Iraq | Perspectives II: Nightvision
During my embeds I was able to use U.S. military-issue night vision goggles, firmly attached to my camera by means of duct tape, dental floss, and occasionally, chewing gum, to make images that reveal a more menacing nocturnal version of Iraqʼs abandoned streets, cowering civilians, and anxious soldiers.
As with the window photographs, these night vision images were made through a barrier, a technology that allows only a few to pierce the darkness of the Iraqi night. Unlike "Windows," however, this perspective is more intimate. As soldiers weave through the houses and bedrooms of civilians during the nighttime military raids, they encounter the faces of the suspect and the innocent. The urgency and anxiety among these soldiers were as palpable as the terror in the faces of the Iraqi civilians.

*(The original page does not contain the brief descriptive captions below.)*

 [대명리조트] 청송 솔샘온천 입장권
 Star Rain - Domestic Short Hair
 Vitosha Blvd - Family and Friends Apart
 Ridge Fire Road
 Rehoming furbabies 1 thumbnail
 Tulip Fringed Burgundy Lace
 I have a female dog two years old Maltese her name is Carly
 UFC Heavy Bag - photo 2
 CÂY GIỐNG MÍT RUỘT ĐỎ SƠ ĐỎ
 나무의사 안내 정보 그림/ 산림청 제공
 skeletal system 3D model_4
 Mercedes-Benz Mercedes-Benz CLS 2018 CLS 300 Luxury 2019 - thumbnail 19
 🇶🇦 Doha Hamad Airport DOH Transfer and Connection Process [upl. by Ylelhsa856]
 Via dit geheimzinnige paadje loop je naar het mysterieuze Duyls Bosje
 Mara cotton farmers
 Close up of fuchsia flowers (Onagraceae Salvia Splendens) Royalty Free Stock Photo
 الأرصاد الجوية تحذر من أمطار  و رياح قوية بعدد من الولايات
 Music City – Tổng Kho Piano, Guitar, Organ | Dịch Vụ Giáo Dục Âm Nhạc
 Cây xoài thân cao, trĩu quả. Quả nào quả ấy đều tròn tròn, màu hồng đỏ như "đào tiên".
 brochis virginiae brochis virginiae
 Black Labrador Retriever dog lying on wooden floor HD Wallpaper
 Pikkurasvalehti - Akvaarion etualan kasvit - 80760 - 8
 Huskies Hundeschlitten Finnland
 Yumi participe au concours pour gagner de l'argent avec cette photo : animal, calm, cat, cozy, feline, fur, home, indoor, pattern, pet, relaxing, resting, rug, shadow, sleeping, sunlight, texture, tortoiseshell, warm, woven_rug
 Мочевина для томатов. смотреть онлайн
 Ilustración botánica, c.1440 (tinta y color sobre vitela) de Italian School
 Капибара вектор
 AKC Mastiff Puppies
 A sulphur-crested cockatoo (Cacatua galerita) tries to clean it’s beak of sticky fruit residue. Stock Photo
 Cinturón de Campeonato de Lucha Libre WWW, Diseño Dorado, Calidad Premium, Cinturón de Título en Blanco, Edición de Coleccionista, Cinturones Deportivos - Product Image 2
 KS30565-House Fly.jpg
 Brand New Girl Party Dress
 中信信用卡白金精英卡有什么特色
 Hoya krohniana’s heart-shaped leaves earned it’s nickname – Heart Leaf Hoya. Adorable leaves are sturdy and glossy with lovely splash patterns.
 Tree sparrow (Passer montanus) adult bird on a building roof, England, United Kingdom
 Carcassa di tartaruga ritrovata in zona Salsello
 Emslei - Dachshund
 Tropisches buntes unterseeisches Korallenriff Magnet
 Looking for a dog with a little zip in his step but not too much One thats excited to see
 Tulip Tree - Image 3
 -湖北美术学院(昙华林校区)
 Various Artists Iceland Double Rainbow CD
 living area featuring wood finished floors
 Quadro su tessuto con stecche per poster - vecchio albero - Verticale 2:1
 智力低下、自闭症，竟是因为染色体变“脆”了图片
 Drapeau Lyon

With these two series, I aimed to create an “aesthetic bridge” that circumvented the usual depiction of the war, and surmounted public apathy to conventional news imagery. I hope that viewers are compelled to question the meaning of these devastating events and their long-lasting effects on Americans and Iraqis.
More often than not, the rest of Iraq, like the rest of us, are left in the dark, but I hope that these images provide the viewer with momentary illumination about the fear and desperation that is war.
All of the photographs in this book were taken over a six-year period, from 2003 to 2008.